### Work item
Each line, starting at the one with "Maruti Suzuki Swift" and running to the end of the data below, is to be set down again exactly, both ends included; leave pictures out.

(Collected data entries)
· · · ·

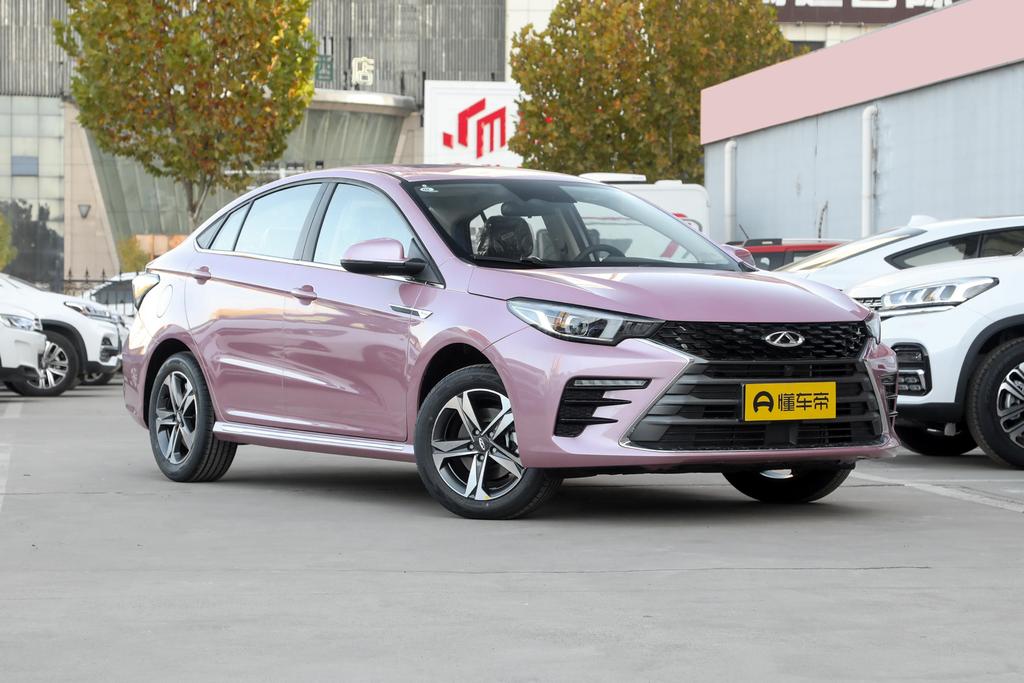 艾瑞泽5plus实用配置,艾瑞泽5plus使用感受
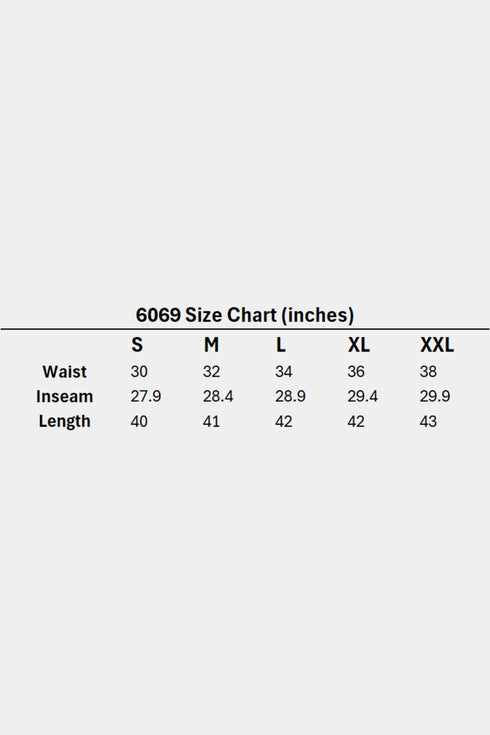 6069 - Combat Pants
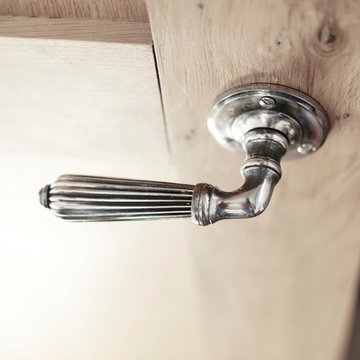 Finishing Details - Residential Interior Design Sourcing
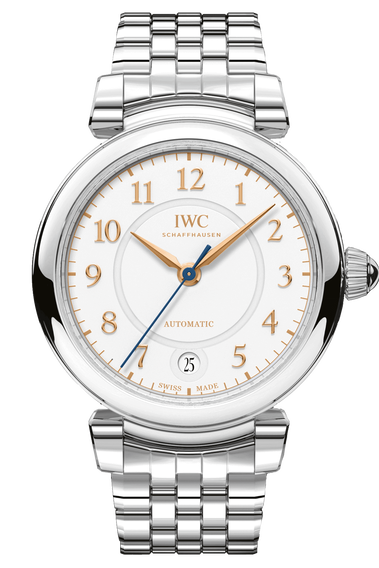 Da Vinci Automatic 36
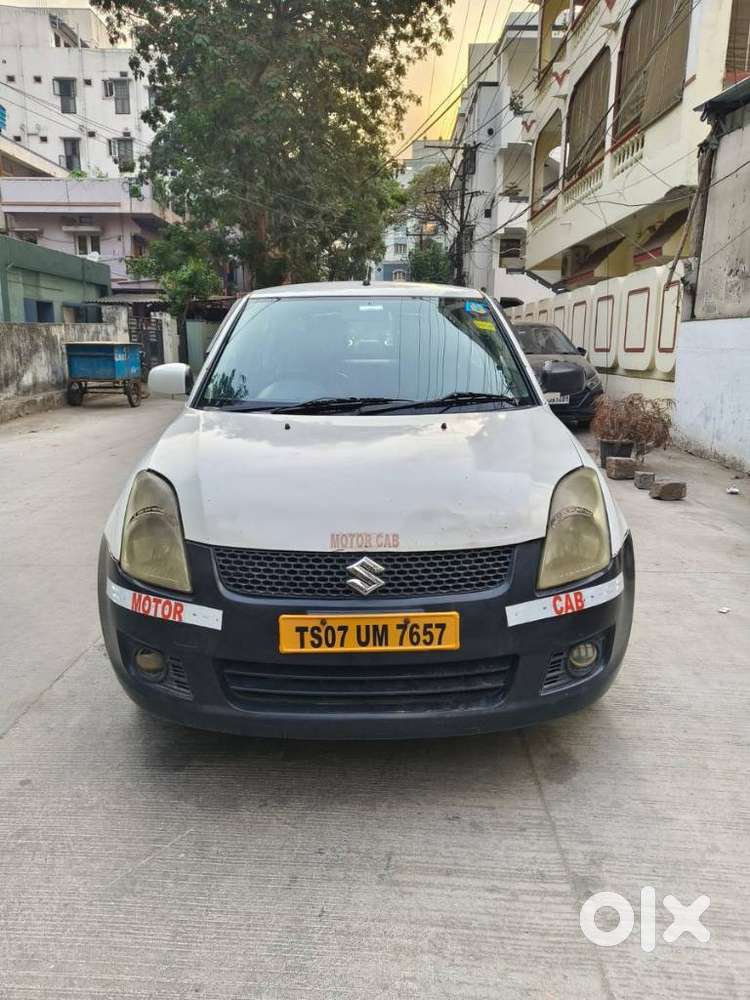 Maruti Suzuki Swift Dzire Ldi Bsiv, 2015, Diesel
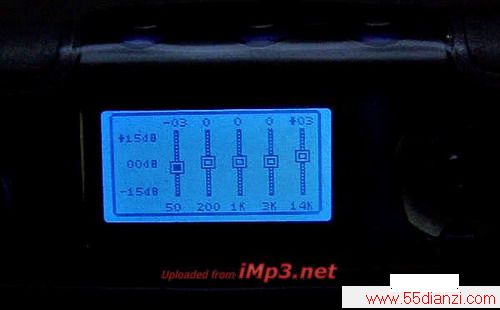 MP3Ч ̸iRiverƪEQ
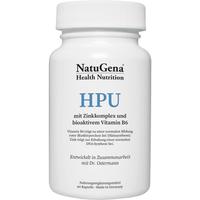 Hpu null
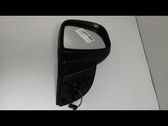 Rétroviseur électrique de porte avant
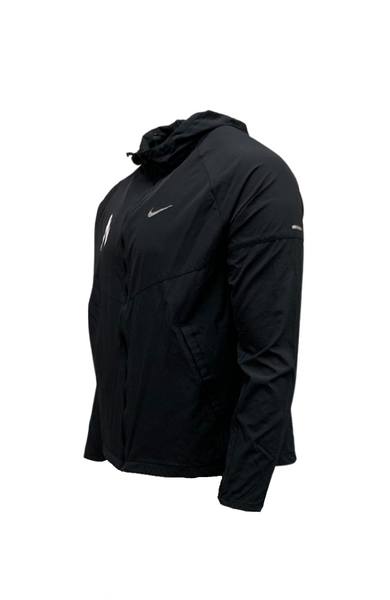Nike running 2025 jacket mens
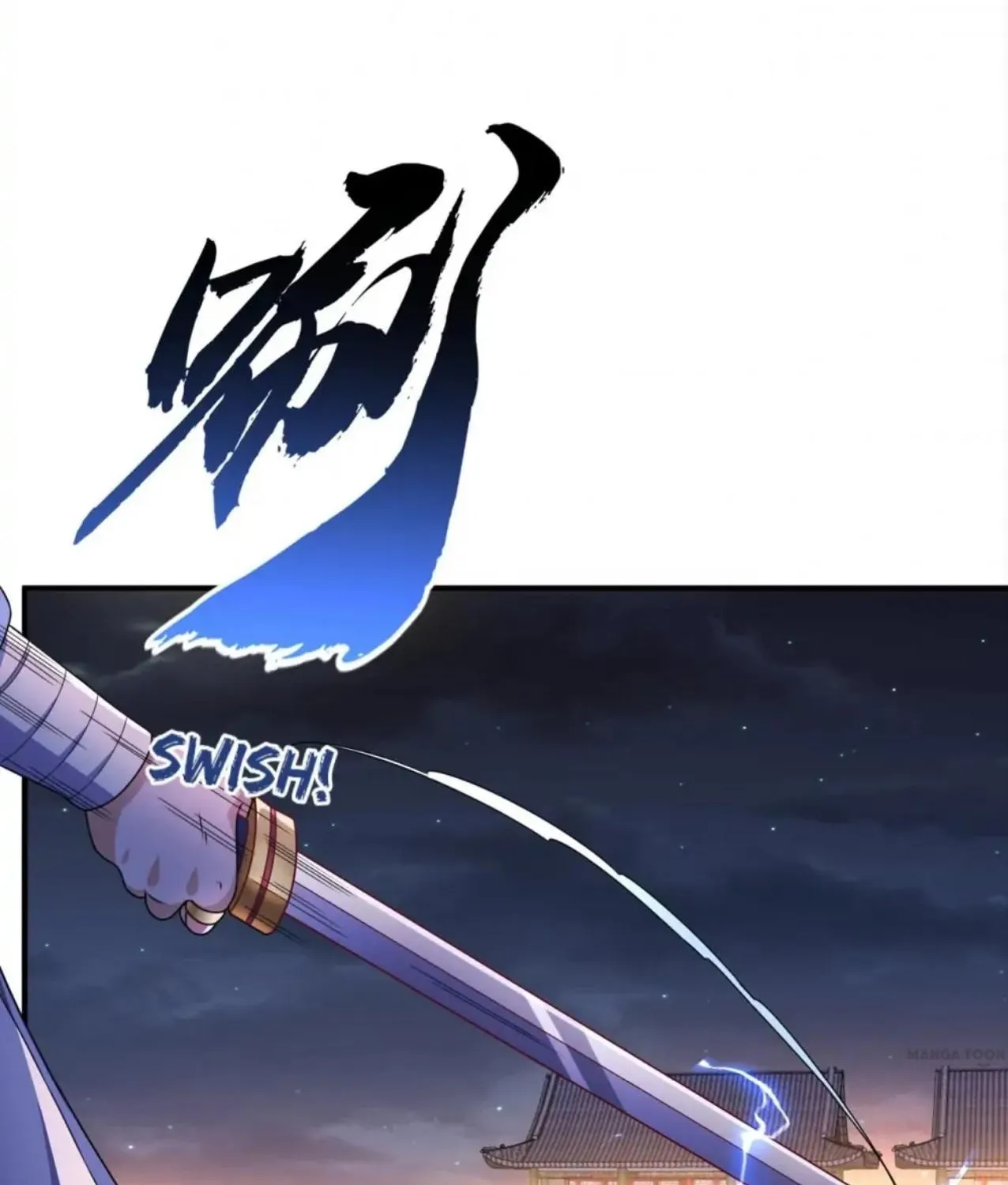 Read Martial Rebel chapter 245 image 30 on Lezhin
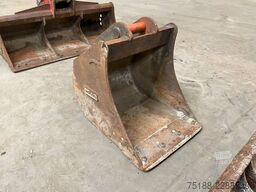 Kubota KX 080-4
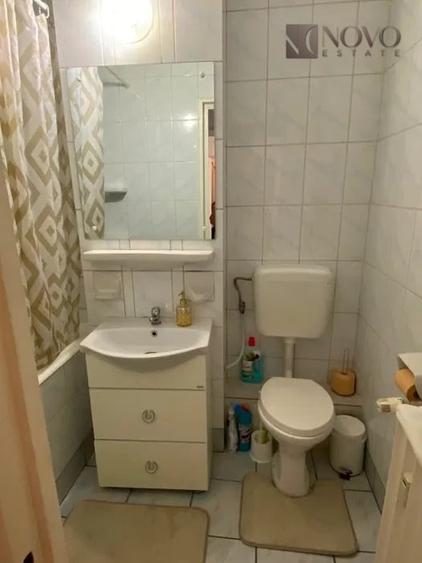 Apartament cu 2 camere semidecomandat, mobilat în Nicolae Grigorescu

· · · ·

### Response for this exercise
 Maruti Suzuki Swift Dzire Ldi Bsiv, 2015, Diesel
 MP3Ч ̸iRiverƪEQ
 Hpu null
 Rétroviseur électrique de porte avant
Nike running 2025 jacket mens
 Read Martial Rebel chapter 245 image 30 on Lezhin
 Kubota KX 080-4
 Apartament cu 2 camere semidecomandat, mobilat în Nicolae Grigorescu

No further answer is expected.